First, let me preface this with a little disclaimer. Call me a misanthrope, but — in all my 40-plus years of rock journalism — I have never really been a sharer, outside of my stories. I see no use for social media; I don’t care what your opinion of my work happens to be; this is not a dialogue. Enjoy what I’ve written about Musician X, Y, or Z, then line the parrot cage with my words tomorrow. Harsh, I know. But I sincerely believe that the less people know about you, the better, and my hard-learned life’s motto is “Everybody has an agenda,” and it rarely includes you. Get used to it. That being said, and given this surreal Poe-like “Masque of the Red Death” situation in which we all find ourselves, I thought it might be time to share a little. Namely, what literature has meant to me ever since I started reading H.P. Lovecraft in grade school, and the curious role it came to play in my career — where I brought a hand-picked favorite book as a gift to almost every artist I have interviewed. A fact that — since I don’t divulge too much — few folks ever knew.

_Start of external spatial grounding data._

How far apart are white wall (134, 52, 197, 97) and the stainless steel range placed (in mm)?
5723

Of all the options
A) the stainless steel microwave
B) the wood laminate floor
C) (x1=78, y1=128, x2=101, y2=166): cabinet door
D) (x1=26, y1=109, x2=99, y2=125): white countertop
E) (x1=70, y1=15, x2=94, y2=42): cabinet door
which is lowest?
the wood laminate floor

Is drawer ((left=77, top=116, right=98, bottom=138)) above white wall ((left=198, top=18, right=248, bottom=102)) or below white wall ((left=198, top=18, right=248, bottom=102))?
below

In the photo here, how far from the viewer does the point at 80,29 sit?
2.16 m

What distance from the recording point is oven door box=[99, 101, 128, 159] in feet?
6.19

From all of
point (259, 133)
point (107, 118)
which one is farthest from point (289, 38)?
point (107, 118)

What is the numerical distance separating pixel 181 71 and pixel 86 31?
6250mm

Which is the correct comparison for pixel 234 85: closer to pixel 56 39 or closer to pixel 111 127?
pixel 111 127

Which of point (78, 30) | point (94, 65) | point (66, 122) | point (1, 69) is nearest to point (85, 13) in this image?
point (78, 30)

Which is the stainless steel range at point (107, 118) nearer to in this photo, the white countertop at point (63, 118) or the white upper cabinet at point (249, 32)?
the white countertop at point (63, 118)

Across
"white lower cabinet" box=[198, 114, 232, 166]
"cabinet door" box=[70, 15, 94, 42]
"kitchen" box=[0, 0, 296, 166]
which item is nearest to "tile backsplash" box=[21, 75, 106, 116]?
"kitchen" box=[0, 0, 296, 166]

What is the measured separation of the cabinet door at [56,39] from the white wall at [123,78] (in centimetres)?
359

Now I don’t want to be The Kids in the Hall flying pig here, grabbing attention with a whiny ‘Hey, hey, hey — look at MEEE!’ That’s not what this is. But I did regularly find myself in the unique situation of having one-on-one, face-to-face conversations with celebrities, armed only with an often-oblique line of questioning that I came up with myself, a genuine enthusiasm for their work, and a good idea of what I thought they might like to read. Underscoring this was my belief that writers always take, take, take from their subjects, so why not try to give back in some small way? Raised in the Midwest, I learned two prime directives — why give up on the heavy metal you loved the day before when punk rock came along? And when you stumble across a great piece of art, why Bogart that joint? Share it with as many potential fans as you can. That’s why I started doing this in the first place. First 1977 interview: Nazareth. Second: The Ramones, as I recall. And it just kept going — and getting more and more fascinating — from there.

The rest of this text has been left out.